Worth the monthly fee for that little tip of using a nail as a drill. Brilliant! But like others I would be worried by the potential for movement on such a tightly made box. Paul shows us the movement on the lid of the box he made a few months ago, but presumably it hasn’t been out of the workshop. I though the idea of these boxes was that they are mobile, so need to be stable in greatly varying temperature and humidity. What happens if the lid or base of the box swells when it is left in damp conditions?
I, too, cringed when I saw long grain glued along such a long endgrain. It seems the only way it would survive is to stay on the same locale for life. Even then, as an “heirloom” piece, it will eventually lose some moisture and shrink. Even it if it’s only a mm, it’s going to look bad at the miter.
Does anyone know what size Warrington Paul uses? I’ve seen weights from 3 to 16 oz.
Re Warrinton hammer weights, see:
He prefers 10 to 12 oz.
I have inherited my wife’s Grandad’s toolbox which is almost identical to the one Paul is building in this series. It’s interesting to see that the mitred edges to the lid which have clearly been glued and nailed in just the same way are in a very good condition and show no sign of deterioration at all. I know for a fact that the box has been stored both indoors and out and in all weathers and conditions and is at least 60 yrs old!

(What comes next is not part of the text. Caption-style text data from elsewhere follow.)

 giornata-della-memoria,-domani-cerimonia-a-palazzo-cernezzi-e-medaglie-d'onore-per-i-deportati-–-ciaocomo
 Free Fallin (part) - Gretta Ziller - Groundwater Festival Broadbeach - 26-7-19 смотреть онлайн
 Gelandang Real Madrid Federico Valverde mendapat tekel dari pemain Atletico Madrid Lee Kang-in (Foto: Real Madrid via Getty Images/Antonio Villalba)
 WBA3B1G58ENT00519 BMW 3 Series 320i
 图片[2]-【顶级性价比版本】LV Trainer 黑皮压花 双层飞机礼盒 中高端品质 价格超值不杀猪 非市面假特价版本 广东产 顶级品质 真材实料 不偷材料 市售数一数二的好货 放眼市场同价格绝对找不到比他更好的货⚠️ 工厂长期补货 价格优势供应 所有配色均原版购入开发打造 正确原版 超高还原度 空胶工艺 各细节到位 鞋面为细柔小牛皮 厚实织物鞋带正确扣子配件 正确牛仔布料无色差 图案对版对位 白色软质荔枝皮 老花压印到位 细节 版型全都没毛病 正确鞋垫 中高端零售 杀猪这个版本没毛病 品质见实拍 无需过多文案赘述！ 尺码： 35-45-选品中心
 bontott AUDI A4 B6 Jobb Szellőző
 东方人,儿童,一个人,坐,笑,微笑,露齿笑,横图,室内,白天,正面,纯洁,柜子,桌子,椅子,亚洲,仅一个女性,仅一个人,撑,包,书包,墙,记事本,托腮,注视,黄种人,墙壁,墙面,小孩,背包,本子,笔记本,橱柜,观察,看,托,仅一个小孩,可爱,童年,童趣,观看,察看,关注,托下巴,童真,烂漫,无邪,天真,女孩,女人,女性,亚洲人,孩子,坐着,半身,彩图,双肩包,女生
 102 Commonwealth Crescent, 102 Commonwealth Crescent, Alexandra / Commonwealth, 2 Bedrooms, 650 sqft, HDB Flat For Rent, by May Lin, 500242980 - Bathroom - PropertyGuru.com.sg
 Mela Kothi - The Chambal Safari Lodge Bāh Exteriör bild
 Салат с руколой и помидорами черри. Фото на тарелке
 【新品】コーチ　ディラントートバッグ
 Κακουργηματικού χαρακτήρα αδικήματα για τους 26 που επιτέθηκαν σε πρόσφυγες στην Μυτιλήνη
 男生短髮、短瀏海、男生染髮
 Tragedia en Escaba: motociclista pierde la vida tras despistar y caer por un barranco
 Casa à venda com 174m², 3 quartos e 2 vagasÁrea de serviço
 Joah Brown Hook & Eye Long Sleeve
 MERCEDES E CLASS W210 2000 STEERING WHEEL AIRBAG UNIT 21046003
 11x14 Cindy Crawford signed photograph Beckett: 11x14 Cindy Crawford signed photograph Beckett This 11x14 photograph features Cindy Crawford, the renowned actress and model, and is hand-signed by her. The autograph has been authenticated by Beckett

Fifteen years ago I built a pine tool tote as a practice project (mostly to try hand cutting dovetails). The tote is 28 1/2″ wide x 11″ deep. The ends are 15″ high and the sides are 9-1/2″ high. Being a novice woodworker I did it all “wrong”. The grain runs vertically in the 15″ ends and horizontally in the 9-1/2″ sides (i.e. cross grain). To make matters worse I dovetailed the sides to the ends (i.e. dovetails in the short grain of the ends). I live in Oklahoma, USA where the climate ranges from very hot and humid in the summer to hot and dry in the fall to cool and humid in the winter. The tote stays in my garage shop where it is exposed to all the weather changes. Amazingly none of the joints have budged! It’s as solid today as it was when I finished it fifteen or more years ago. Why it has survived I really don’t know. But it has.